Sexually Transmitted Infections – STIs FAQs

There seems to be an awful lot of unprotected sex going on – guess what? That increases the risk of STIs! Recurring lapses in judgment. That little voice that says “wear a condom” was silenced by what? Alcohol (the usual suspect). The heat of the moment. Sometimes just embarrassment. As gynecologists, we get it and we’ve heard it before.

A recent patient: Using withdrawal as her form of birth control and comes to my office desperate for STI screening. Both situations could be remedied by using condoms. I tell her, first and foremost: USE A CONDOM (in this voice, too). IT’S IMPORTANT. I care about you and want you to be safe.

Here were some basic STI issues we addressed:

What’s the difference between sexually transmitted infections (STIs) and sexually transmitted diseases (STDs)?

They are the same thing. The terms are used interchangeably, but everyone is slowly transitioning to STIs. Disease implies a symptomatic and easily identifiable medical disorder, but the majority of STI are asymptomatic. And all STIs are infectious (they are transmitted through contact), so using the term “infections” instead of “disease” is more accurate.

What STIs should I be screened for?

It depends on your age and medical conditions and sexual encounters. The most common STIs we screen / test for are Chlamydia, Gonorrhea, Trichomonas, Hepatitis B and Hepatitis C, HIV, Syphilis, Herpes, and HPV.

How long should I wait after unprotected sex to get tested?

Most STIs take a couple weeks to show up positive on a screening test. A good, general rule of thumb is to wait 2 weeks after an exposure to be tested for the most common infections – Chlamydia, Gonorrhea, and Trichomonas. For the other STIs (syphilis, Hepatitis B, Hepatitis C, HIV), waiting closer to 4-6 weeks can optimize results. HPV is screened through pap smears, and a health care professional can advise how frequently to do it for you.
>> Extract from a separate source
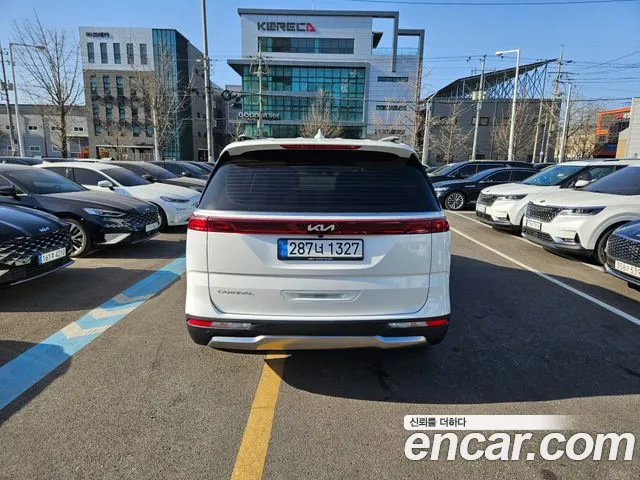 Kia Carnival 2021 thumb 3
Herpes isn’t usually tested by blood work. Keep an eye out for painful lesions in the genital region and get them checked out when they’re there – this is the most accurate way to diagnose herpes. 

The goal, of course, is to catch an infection early. 

How am I tested for STIs?

Urine and/or blood tests. Many patients who go to a gynecologist get an exam first, to check for obvious lesions (like herpes outbreaks) or pelvic inflammatory disease. But an exam isn’t necessary, so don’t let that deter you.
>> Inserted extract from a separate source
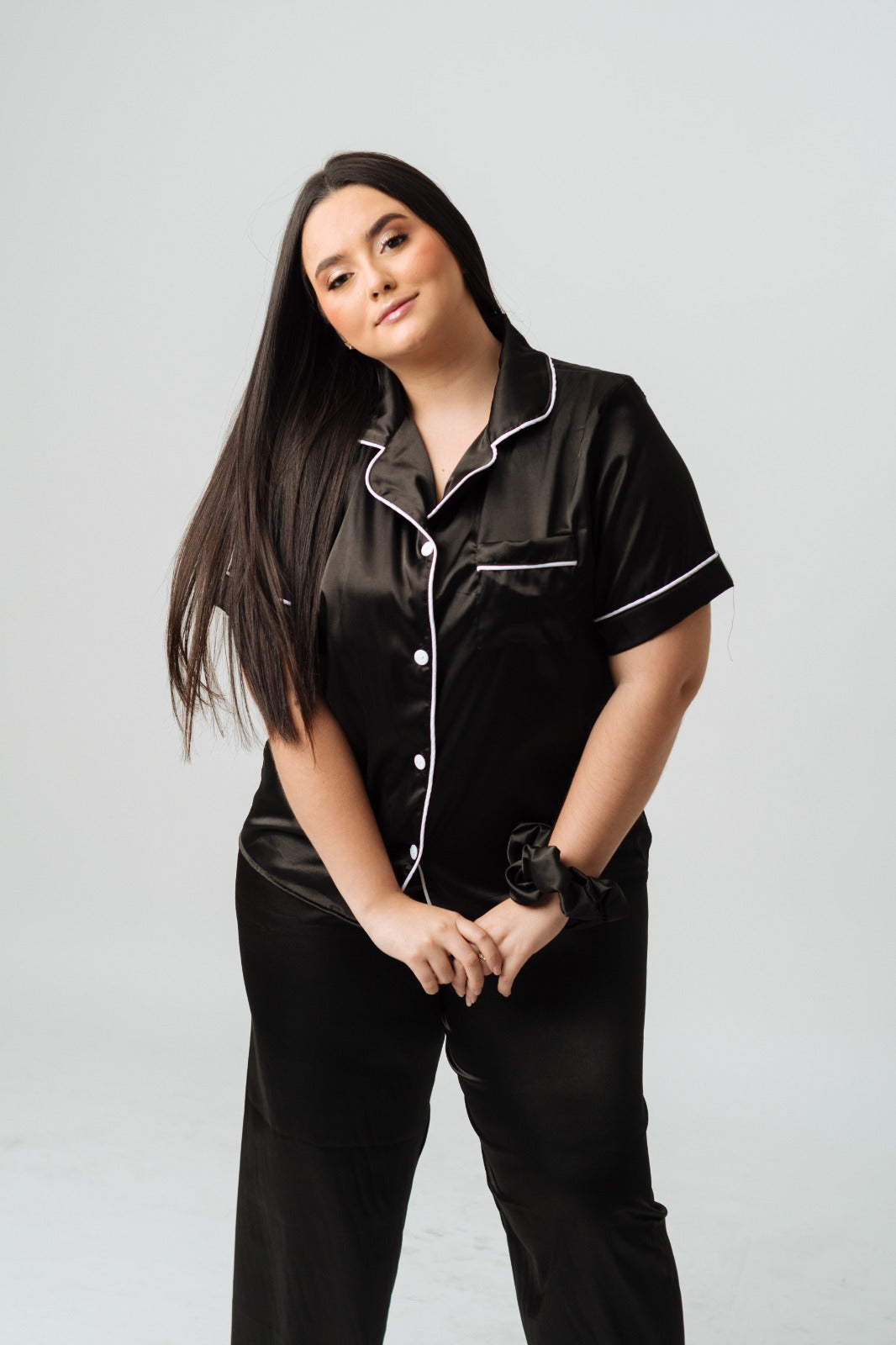 Luci pantalón largo camisa manga corta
What do I do if it’s positive?

Many of these infections (the bacterial or parasite ones) go away with antibiotics – Chlamydia, Gonorrhea, Trichomonas, Syphilis. That doesn’t mean the long terms consequences go away – Chlamydia is associated with chronic pelvic pain and fertility problems. It seems the sooner it’s diagnosed and treated, the less severe the consequences. 
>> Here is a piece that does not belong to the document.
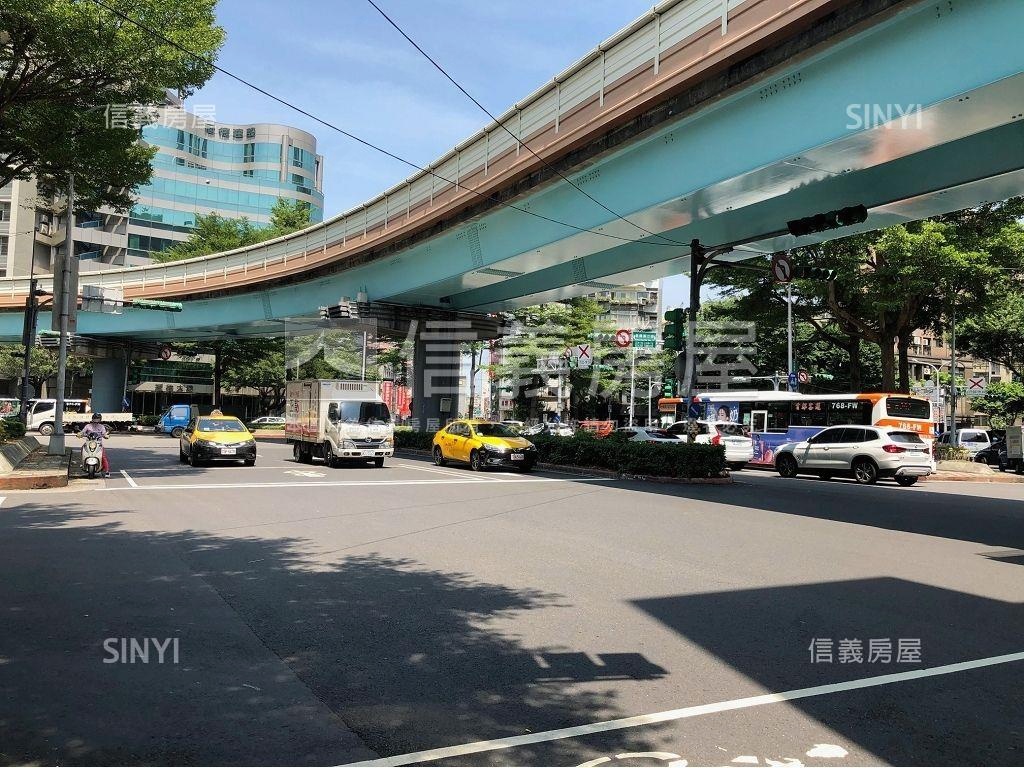 捷運三角窗連鎖店面房屋室內格局與周邊環境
The viral infections – Herpes, HPV, Hepatitis, HIV – never really go away. There are meds to alleviate your symptoms or stop the virus from replicating uncontrollably. If you’re positive for one STI, you should be screened for all of them.

When can I have sex again?

If everything comes back negative, whenever you want (BUT USE A CONDOM!). If you need to take antibiotics, it’s safe to have sex 7 days after you finish the antibiotics.